"A solitary melody, praising without an upholding harmony, at best, Mary!"
"And what should I have been, Joseph? An inarticulate harmony—sweetly mumbling, with never a thread of soaring song!"
A pause followed.
"I shall be rather shy of your father, Mary," said Joseph. "Perhaps he won't be content with me."
"Even if you weren't what you are, my father would love you because I love you. But I know my father as well as I know you; and I know you are just the man it must make him happy afresh, even in heaven, to think of his Mary marrying.
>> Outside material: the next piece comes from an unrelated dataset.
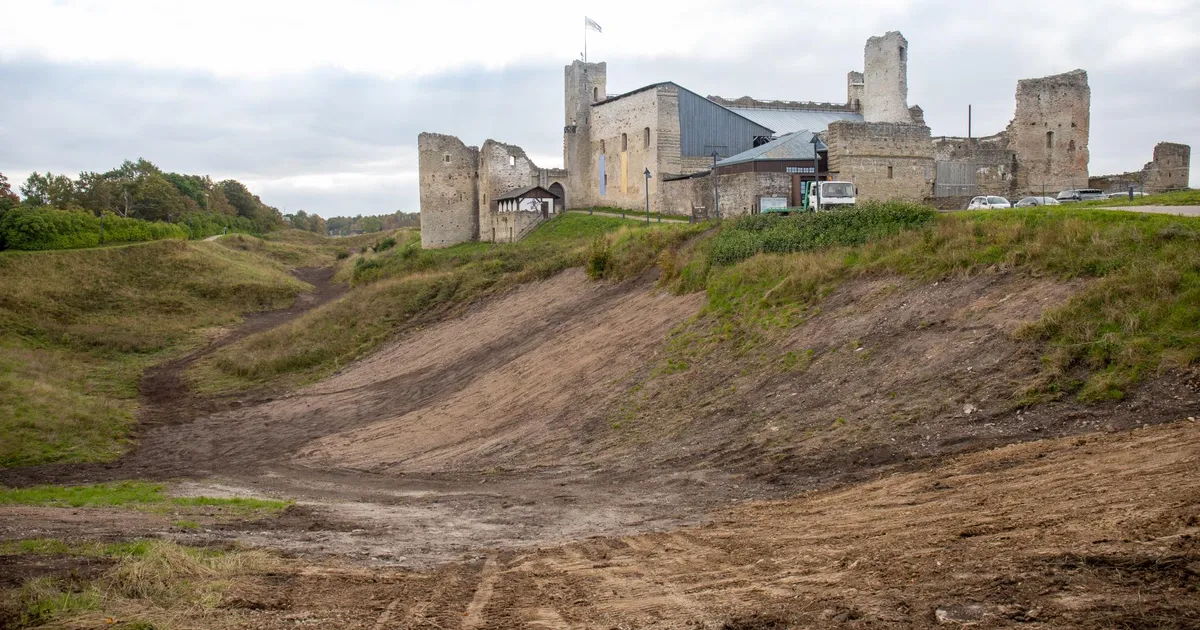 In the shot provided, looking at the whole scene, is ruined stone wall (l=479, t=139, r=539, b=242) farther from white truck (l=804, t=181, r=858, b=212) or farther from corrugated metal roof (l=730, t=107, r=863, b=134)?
white truck (l=804, t=181, r=858, b=212)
You two can hardly be of two minds in anything!"
"That was a curious speech of Letty's yesterday! You heard her say, did you not, that, if everybody was to be so very good in heaven, she was afraid it would be rather dull?"
"We mustn't make too much of what Letty says, either when she's merry or when she's miserable. She speaks both times only out of half-way down."
"Yes, yes! I wasn't meaning to find any fault with her; I was only wishing to hear what you would say. For nobody can make a story without somebody wicked enough to set things wrong in it, and then all the work lies in setting them right again, and, as soon as they are set right, then the story stops."
"There's no thing of the sort in music, Joseph, and that makes one happy enough."
"Yes, there is, Mary. There's strife and difference and compensation and atonement and reconciliation."